2) and some with bigger tables (a few million rows) which get smaller
load of updates.

I keep the first type of tables filesize small/dead tuples count low by
running vacuum on them in a tight loop with 15 sec sleeps in between
vacuuming individual tables)

And I keep the 2nd type balanced by running another loop of vacuums on
them.

It worked quite well for a while, but as the tables grow, the vacuums on
the 2nd kind of tables run long enough for the first kind of tables to
accumulate hundreds of thousands dead tuples, which can't be freed
because the vacuums on 2nd kind run in their own long transactions,
keeping the oldest active transaction id smaller than needed. 

And the new provisions of making VACUUM less intrusive by allowing
delays in vacuuming make this problem worse, by kind of priority
inverion - the less intrusive vacuum runs longer, thereby keeping its
transaction open longer and thereby being *more* intrusive by not
allowing old tuples to be deleted by another vacuum command.

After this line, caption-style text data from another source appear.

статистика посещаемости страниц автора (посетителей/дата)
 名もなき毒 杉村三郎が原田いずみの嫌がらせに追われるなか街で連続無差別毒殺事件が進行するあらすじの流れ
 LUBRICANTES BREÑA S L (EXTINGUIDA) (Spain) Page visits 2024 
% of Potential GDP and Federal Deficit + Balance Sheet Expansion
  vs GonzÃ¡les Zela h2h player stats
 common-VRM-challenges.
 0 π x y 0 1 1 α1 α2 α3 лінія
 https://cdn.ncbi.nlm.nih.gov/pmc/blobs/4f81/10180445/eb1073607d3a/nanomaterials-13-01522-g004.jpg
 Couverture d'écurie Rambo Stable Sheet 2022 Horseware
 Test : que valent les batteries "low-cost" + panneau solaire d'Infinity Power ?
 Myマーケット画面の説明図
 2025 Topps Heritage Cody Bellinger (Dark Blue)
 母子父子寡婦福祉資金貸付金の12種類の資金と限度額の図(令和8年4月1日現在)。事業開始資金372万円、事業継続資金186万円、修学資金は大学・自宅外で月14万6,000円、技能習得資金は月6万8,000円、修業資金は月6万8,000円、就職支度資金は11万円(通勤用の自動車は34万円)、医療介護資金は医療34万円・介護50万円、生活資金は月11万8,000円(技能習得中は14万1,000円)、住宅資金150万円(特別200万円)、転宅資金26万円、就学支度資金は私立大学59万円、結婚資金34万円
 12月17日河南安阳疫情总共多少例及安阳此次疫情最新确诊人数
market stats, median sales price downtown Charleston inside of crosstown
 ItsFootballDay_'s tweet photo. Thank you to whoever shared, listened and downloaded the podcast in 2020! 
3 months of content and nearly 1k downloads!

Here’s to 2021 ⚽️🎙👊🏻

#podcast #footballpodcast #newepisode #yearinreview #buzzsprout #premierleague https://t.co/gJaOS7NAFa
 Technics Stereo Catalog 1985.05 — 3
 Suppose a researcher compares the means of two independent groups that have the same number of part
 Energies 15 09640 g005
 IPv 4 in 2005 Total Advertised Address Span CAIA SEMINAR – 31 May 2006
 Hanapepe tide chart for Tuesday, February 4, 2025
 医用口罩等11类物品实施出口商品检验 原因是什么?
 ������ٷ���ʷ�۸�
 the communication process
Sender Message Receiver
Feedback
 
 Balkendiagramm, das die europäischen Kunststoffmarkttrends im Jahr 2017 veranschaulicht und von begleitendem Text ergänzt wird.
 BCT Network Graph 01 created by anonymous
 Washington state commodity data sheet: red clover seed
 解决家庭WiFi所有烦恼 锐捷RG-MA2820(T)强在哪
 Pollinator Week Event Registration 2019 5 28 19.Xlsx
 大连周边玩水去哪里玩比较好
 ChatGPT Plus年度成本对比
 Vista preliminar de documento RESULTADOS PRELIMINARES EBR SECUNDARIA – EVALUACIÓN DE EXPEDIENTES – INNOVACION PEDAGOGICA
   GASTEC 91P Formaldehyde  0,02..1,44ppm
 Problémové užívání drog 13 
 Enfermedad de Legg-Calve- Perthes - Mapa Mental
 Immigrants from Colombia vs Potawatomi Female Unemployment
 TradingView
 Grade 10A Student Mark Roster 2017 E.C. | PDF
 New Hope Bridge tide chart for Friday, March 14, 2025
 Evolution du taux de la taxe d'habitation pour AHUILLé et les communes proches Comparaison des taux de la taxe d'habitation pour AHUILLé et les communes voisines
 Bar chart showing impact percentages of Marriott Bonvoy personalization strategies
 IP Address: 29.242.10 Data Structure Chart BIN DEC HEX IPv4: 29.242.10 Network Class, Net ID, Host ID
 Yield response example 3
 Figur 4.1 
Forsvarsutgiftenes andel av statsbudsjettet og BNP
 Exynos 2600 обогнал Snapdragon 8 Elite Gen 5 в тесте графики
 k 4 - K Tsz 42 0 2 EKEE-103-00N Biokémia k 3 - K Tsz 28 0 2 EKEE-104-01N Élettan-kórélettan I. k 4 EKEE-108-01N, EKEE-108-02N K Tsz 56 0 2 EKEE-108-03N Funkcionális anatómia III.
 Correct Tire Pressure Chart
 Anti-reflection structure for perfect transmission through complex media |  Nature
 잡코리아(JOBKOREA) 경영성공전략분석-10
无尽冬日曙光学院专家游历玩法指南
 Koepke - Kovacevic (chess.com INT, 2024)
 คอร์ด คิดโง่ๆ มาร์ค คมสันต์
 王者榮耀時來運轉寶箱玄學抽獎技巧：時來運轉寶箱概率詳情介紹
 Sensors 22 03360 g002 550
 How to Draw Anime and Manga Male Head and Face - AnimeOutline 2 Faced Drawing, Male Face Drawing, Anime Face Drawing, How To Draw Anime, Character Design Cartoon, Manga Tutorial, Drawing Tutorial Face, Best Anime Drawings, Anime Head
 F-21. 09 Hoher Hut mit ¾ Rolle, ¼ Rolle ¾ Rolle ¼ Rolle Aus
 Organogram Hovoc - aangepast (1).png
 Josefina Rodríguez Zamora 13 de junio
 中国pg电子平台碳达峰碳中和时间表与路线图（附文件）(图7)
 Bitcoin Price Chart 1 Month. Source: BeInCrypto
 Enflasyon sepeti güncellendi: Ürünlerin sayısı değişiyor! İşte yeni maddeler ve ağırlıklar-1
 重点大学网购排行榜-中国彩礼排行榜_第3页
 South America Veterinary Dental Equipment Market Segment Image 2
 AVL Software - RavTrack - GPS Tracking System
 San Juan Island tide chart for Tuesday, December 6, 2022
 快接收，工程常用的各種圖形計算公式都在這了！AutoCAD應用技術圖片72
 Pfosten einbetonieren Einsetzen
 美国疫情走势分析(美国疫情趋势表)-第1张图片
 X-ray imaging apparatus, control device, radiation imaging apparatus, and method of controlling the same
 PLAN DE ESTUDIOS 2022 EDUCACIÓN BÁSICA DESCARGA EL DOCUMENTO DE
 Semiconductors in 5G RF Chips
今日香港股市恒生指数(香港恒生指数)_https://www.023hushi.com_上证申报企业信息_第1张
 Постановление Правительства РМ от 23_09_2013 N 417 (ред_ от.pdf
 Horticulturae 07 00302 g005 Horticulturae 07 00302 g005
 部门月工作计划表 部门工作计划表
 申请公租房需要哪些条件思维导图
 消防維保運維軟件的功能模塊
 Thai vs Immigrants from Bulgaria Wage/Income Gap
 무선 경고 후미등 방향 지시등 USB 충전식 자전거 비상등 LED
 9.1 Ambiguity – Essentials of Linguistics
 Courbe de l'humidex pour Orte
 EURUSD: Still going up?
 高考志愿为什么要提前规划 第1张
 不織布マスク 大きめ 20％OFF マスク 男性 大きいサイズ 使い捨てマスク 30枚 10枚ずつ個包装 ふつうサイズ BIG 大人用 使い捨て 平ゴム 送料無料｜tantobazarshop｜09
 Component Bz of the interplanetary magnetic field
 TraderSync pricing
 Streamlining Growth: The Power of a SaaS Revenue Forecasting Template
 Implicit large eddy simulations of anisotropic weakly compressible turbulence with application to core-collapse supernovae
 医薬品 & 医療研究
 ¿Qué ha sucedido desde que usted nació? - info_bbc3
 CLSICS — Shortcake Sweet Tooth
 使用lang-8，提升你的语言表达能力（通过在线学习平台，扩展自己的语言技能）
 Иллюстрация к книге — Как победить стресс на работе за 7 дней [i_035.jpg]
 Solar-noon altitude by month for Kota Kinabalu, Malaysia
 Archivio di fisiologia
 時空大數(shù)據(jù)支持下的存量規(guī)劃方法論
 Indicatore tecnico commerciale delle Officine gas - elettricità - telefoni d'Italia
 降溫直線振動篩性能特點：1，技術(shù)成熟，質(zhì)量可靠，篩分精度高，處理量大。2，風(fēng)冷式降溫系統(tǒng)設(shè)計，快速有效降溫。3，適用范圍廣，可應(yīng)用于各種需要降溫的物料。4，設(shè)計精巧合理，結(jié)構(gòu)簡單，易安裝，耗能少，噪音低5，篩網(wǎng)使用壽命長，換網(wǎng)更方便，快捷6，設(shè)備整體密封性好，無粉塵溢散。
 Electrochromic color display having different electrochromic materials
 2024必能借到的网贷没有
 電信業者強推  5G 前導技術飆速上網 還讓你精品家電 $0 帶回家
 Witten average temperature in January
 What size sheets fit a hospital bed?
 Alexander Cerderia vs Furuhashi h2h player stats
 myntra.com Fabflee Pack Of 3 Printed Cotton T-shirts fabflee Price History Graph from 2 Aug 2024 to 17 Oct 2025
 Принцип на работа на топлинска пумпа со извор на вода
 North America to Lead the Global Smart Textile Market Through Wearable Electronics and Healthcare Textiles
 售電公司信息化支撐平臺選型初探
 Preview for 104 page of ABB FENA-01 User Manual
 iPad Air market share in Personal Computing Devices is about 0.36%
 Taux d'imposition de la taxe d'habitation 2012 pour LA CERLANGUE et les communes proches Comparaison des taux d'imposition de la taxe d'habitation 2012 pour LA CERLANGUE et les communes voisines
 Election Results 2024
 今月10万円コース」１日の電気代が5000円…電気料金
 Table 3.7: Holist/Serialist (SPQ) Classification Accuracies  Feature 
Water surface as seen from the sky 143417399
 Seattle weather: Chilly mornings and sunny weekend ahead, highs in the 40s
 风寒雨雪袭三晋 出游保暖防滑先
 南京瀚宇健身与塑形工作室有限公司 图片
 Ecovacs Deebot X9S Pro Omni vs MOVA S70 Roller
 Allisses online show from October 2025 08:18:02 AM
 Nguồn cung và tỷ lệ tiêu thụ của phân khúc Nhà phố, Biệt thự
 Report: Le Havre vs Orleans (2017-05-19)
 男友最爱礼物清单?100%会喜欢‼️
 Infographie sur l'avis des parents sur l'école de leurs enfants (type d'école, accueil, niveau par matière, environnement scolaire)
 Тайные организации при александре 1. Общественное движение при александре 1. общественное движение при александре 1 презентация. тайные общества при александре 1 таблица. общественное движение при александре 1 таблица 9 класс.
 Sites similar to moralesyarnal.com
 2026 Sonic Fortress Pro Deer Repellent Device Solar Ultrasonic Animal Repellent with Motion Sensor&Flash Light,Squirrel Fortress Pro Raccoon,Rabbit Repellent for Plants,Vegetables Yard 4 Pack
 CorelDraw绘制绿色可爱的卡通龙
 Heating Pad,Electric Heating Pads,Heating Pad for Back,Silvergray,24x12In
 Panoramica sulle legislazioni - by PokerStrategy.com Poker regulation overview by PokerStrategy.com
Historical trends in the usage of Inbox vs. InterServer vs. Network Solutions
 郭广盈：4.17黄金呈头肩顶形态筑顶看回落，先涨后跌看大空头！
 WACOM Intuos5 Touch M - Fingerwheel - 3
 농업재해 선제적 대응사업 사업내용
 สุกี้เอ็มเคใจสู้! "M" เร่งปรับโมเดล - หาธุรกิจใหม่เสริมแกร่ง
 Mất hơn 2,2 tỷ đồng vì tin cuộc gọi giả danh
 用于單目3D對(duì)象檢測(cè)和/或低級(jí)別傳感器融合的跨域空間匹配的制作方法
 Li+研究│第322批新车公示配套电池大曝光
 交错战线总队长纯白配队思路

I can see two ways to solve this problem:

1) If possible, VACUUM command should close its transaction id early in
the command processing, as it does not really need to be in transactions

2) the transaction of the VACUUM command could be assigned some really
bug trx id, so it won't get in a way

3) VACUUM commits/or aborts its transaction after some predetermined
interval (say 1 min) and starts a new one.

4) VACUUM itself could have some way to check if the "oldest"
transaction is also VACUUM, and be able to free the tuples that are
older than last *data altering* transaction. At least VACUUM, ANALYSE
and TRUNCATE should not be considered *data altering* here.


The problems caused by non-data-altering but long-running transactionsis
are not unique to VACUUM, similar problems also affects Slony. So any of
1)-3) would be preferable to 4)

Or perhaps it already solved in 8.0 ? My rant is about 7.4.6.

-- 
Hannu Krosing <hannu@tm.ee>

Re: Is there a way to make VACUUM run completely outside transaction

From

Tom Lane

Date:

07 February 2005, 15:51:26

Hannu Krosing <hannu@tm.ee> writes:
> As VACUUM is not something that can be rolled back, could we not make it
> run completely outside transactions.

No, because it has to be able to hold a table-level lock on the target
table.  Besides, where did you get the idea that it can't be rolled back?
The VACUUM FULL case, at least, has to go through huge pushups to be
sure it is rollback-safe.
        regards, tom lane

Re: Is there a way to make VACUUM run completely outside

From

Hannu Krosing

Date:

07 February 2005, 17:17:17

Ühel kenal päeval (esmaspäev, 7. veebruar 2005, 10:51-0500), kirjutas
Tom Lane:
> Hannu Krosing <hannu@tm.ee> writes:
> > As VACUUM is not something that can be rolled back, could we not make it
> > run completely outside transactions.
>
> No, because it has to be able to hold a table-level lock on the target
> table.

Does NON-FULL VACUUM release this lock when pausing when sleeping on
vacuum_cost_delay ?

If not, could it be made to release the lock and end current transaction
when going to sleep and start a new transaction and aquire the lock
again when waking up ?

> Besides, where did you get the idea that it can't be rolled back?
> The VACUUM FULL case, at least, has to go through huge pushups to be
> sure it is rollback-safe.

What are the semantics of ROLLBACKing a VACUUM FULL ? Will it restore
the dead tuples to their original positions ?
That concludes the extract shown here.